Dario Acosta

In the opera world, Isabel Leonard is as good as it gets. With a forthcoming stint at the Metropolitan Opera, the talented songstress with a booming voice continues to perfect her craft.

Isabel Leonard is a musical star on the rise. A 32-year-old New York City native, she represents the new voice and face of opera. Whether it’s guest-­performing with operas in San Francisco, Dallas, Chicago, Vienna and others; making a guest appearance on Sesame Street; being photographed for Vogue; or traveling to American classrooms extolling the virtues of opera to high school students, Leonard has become a true ambassador for the art form.

“Those are all opportunities to try to show that opera singers are totally normal people,” says Leonard, who performs on Aug. 2 at the Aspen Music Festival and School, and Sept. 22 through Oct. 25 at the Metropolitan Opera in New York in Le Nozze di Figa­ro (The Marriage of ­Figaro). “Ultimately, my biggest desire is to open up opera to everyone. To remind them that we all love being told a good story — and that’s what opera is: great, dramatic, heartbreaking stories. And on top of it, there’s also this great music.”

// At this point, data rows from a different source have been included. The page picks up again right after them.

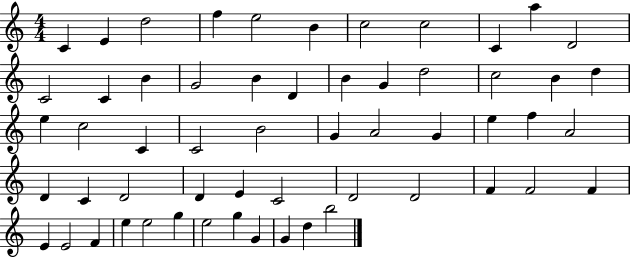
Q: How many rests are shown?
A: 0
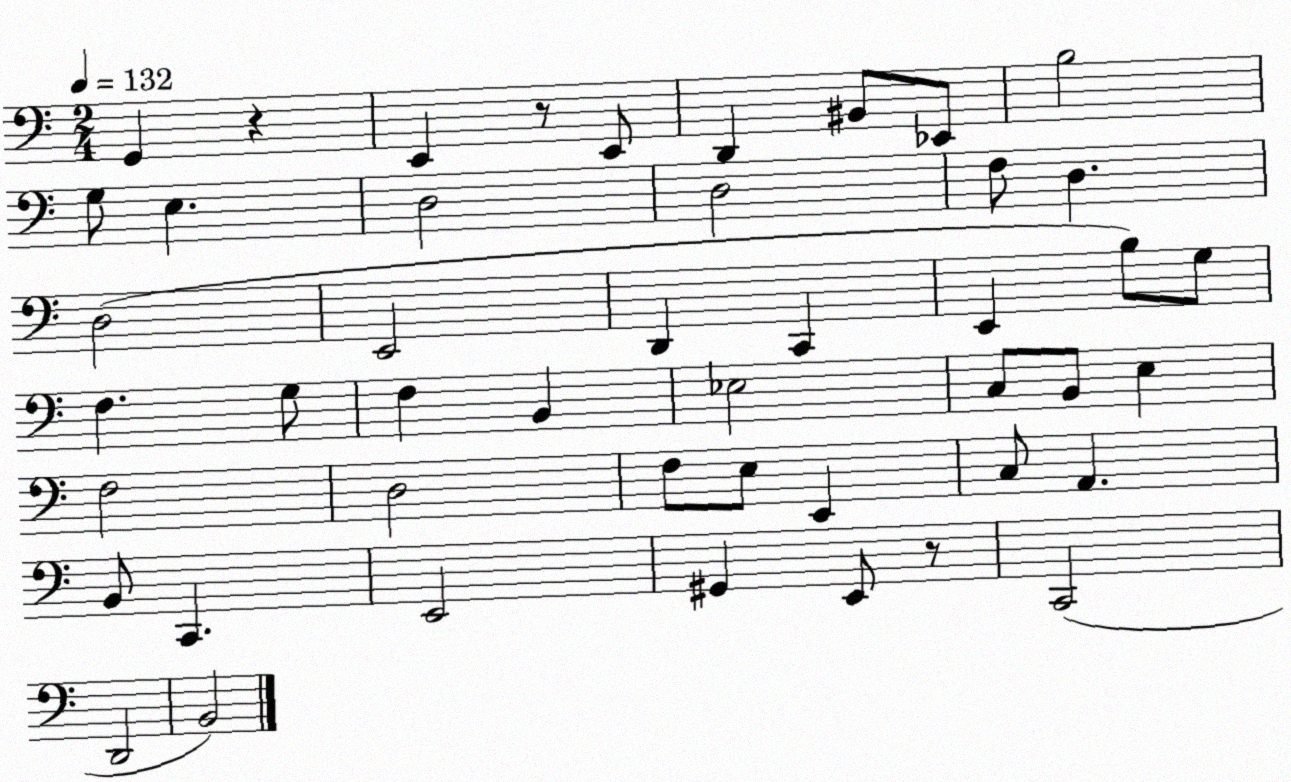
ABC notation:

X:1
T:Untitled
M:2/4
L:1/4
K:C
G,, z E,, z/2 E,,/2 D,, ^B,,/2 _E,,/2 B,2 G,/2 E, D,2 D,2 F,/2 D, D,2 E,,2 D,, C,, E,, B,/2 G,/2 F, G,/2 F, B,, _E,2 C,/2 B,,/2 E, F,2 D,2 F,/2 E,/2 E,, C,/2 A,, B,,/2 C,, E,,2 ^G,, E,,/2 z/2 C,,2 D,,2 B,,2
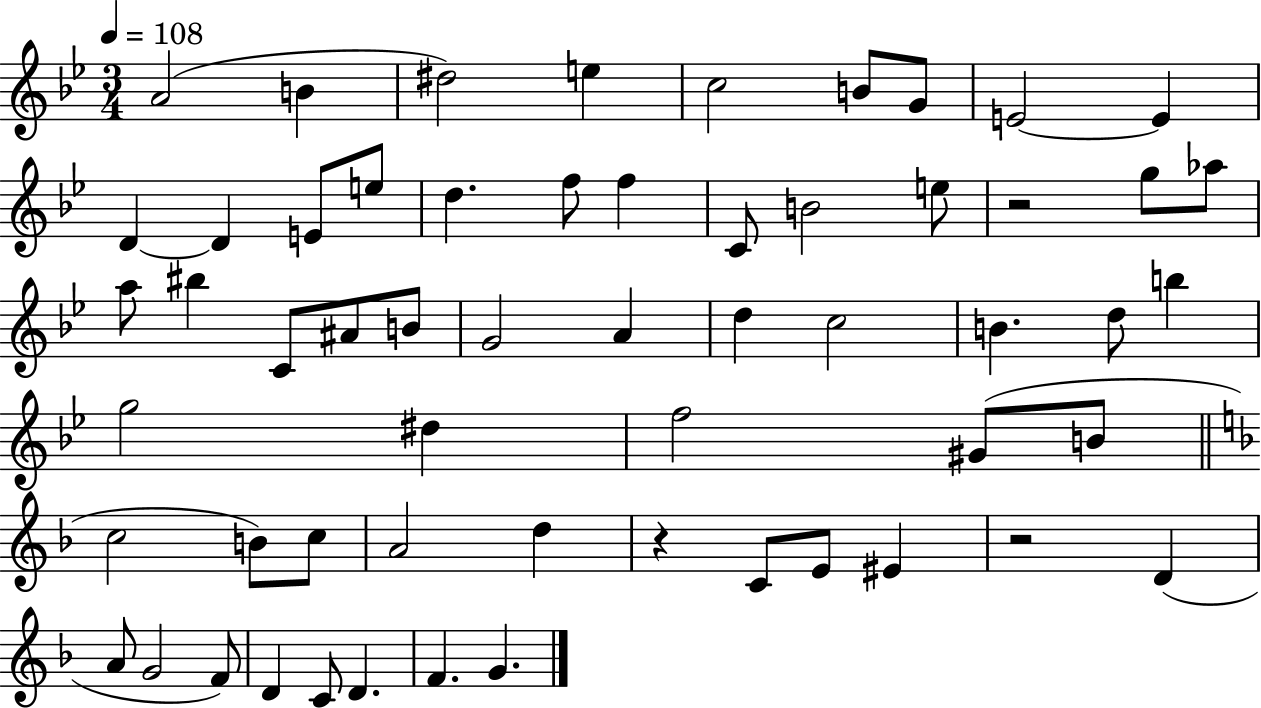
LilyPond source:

{
  \clef treble
  \numericTimeSignature
  \time 3/4
  \key bes \major
  \tempo 4 = 108
  a'2( b'4 | dis''2) e''4 | c''2 b'8 g'8 | e'2~~ e'4 | \break d'4~~ d'4 e'8 e''8 | d''4. f''8 f''4 | c'8 b'2 e''8 | r2 g''8 aes''8 | \break a''8 bis''4 c'8 ais'8 b'8 | g'2 a'4 | d''4 c''2 | b'4. d''8 b''4 | \break g''2 dis''4 | f''2 gis'8( b'8 | \bar "||" \break \key d \minor c''2 b'8) c''8 | a'2 d''4 | r4 c'8 e'8 eis'4 | r2 d'4( | \break a'8 g'2 f'8) | d'4 c'8 d'4. | f'4. g'4. | \bar "|."
}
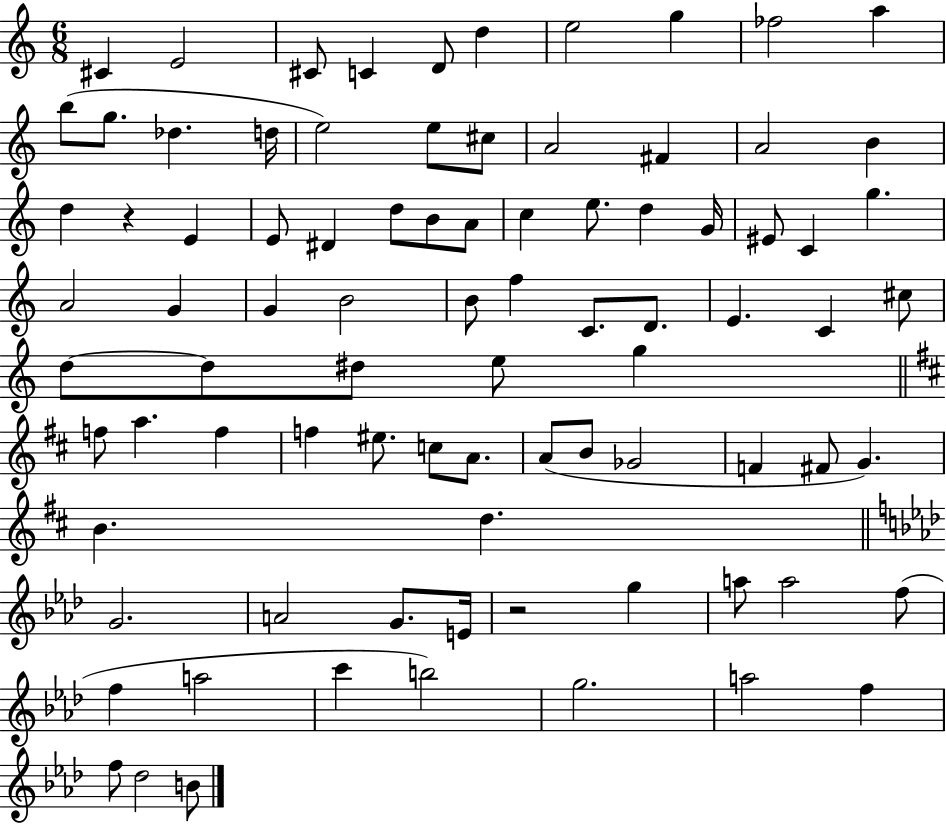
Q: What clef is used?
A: treble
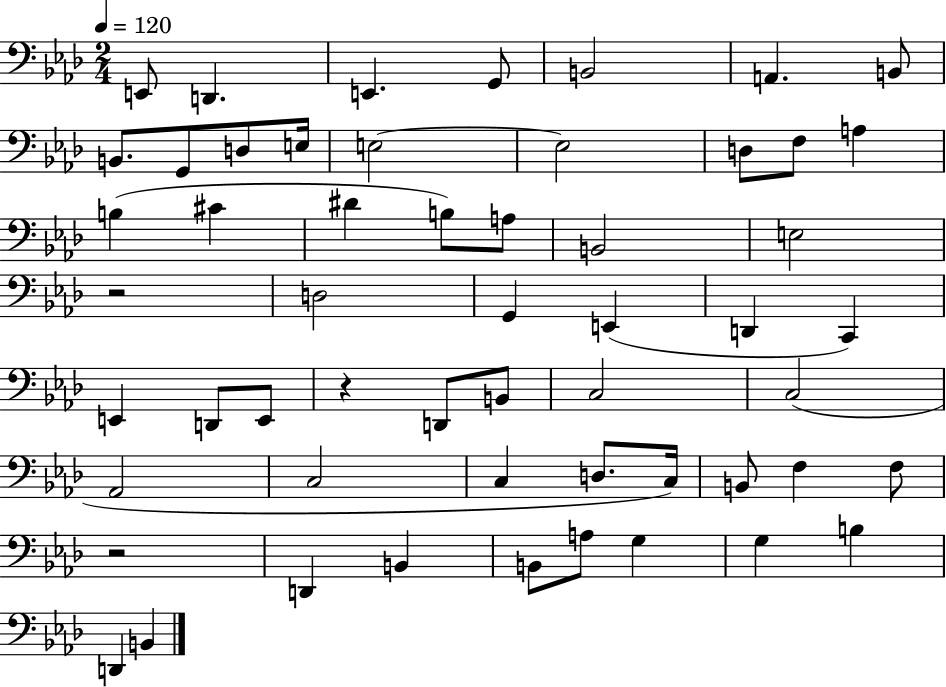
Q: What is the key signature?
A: AES major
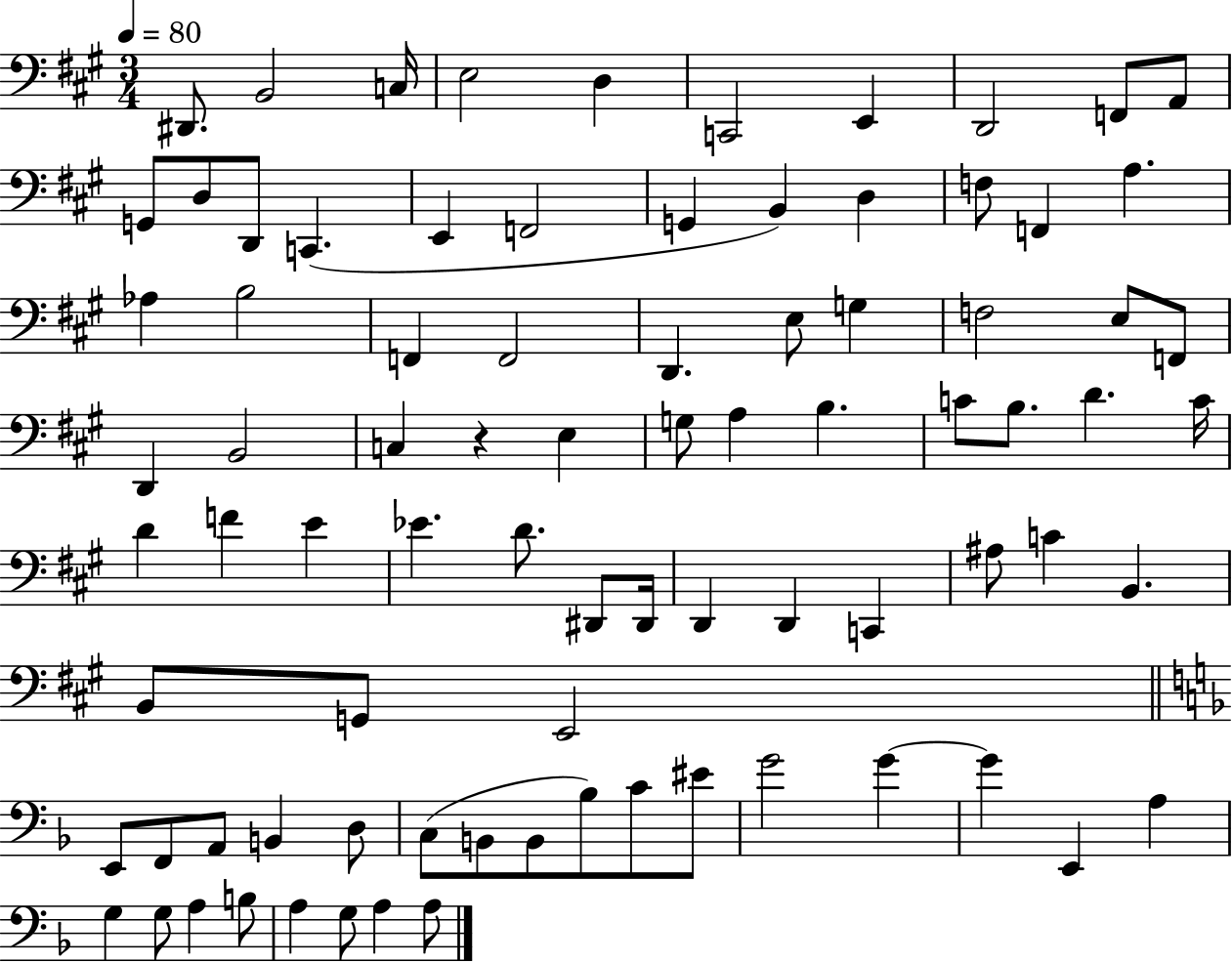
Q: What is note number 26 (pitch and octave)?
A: F2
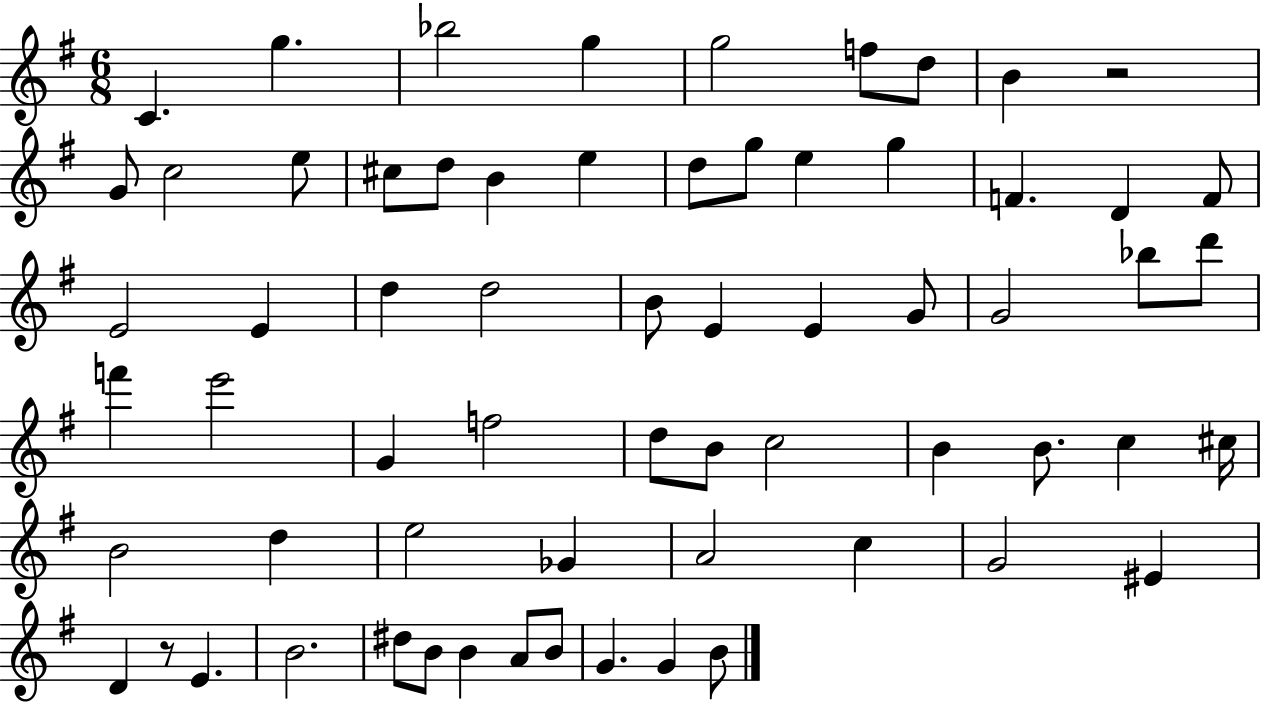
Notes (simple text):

C4/q. G5/q. Bb5/h G5/q G5/h F5/e D5/e B4/q R/h G4/e C5/h E5/e C#5/e D5/e B4/q E5/q D5/e G5/e E5/q G5/q F4/q. D4/q F4/e E4/h E4/q D5/q D5/h B4/e E4/q E4/q G4/e G4/h Bb5/e D6/e F6/q E6/h G4/q F5/h D5/e B4/e C5/h B4/q B4/e. C5/q C#5/s B4/h D5/q E5/h Gb4/q A4/h C5/q G4/h EIS4/q D4/q R/e E4/q. B4/h. D#5/e B4/e B4/q A4/e B4/e G4/q. G4/q B4/e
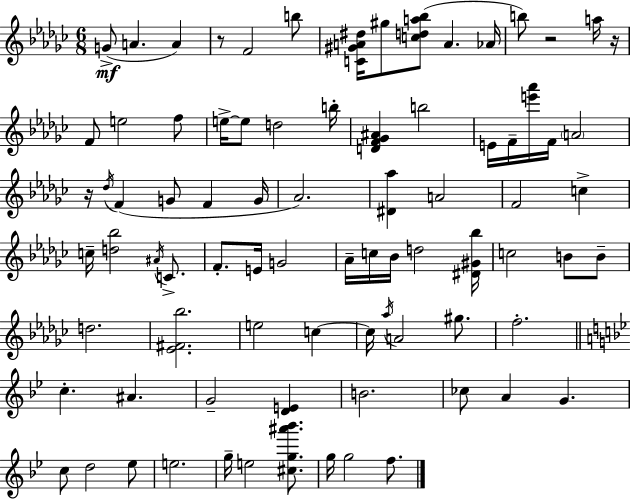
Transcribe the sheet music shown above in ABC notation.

Leonard speaks with the pure passion of a convert. “I was not raised loving opera,” she says. “In fact, I hated it as a kid — I didn’t want to have anything to do with it. … I grew up listening to Frank Sinatra, Ella ­Fitzgerald, Etta James and Sarah Vaughan, that whole generation of singers, and watching the movies of Gene Kelly and Fred Astaire. That was what I was most ­attracted to: In high school, I was singing in jazz band and doing musical theater.”

But Leonard ultimately found her ­calling as an opera diva, going on to get her bachelor’s and master’s degrees at the Juilliard School. Since making her debut with the Metropolitan Opera in their 2007 production of Roméo et Juliette, Leonard has become one of the genre’s brightest stars. She’s won a series of prestigious awards, performed with companies all over the world and has bookings for the next four years.

“It’s a totally nomadic existence,” admits Leonard, the mother of an infant son named Teo. “I like to travel and be in these ­different cities; I’ve gotten accustomed to it. But I wouldn’t say it’s the easiest way to have a life. It’s tricky because I have a son with me who I’m raising, and I’m constantly organizing my time so that I’m with him.”

Although she’s gained a strong foothold in the opera world, Leonard isn’t content to rest. “You never stop learning. Opera’s a craft like any other artistic craft. Not only do you learn more as you go along, but you learn more as you yourself develop and ­mature.”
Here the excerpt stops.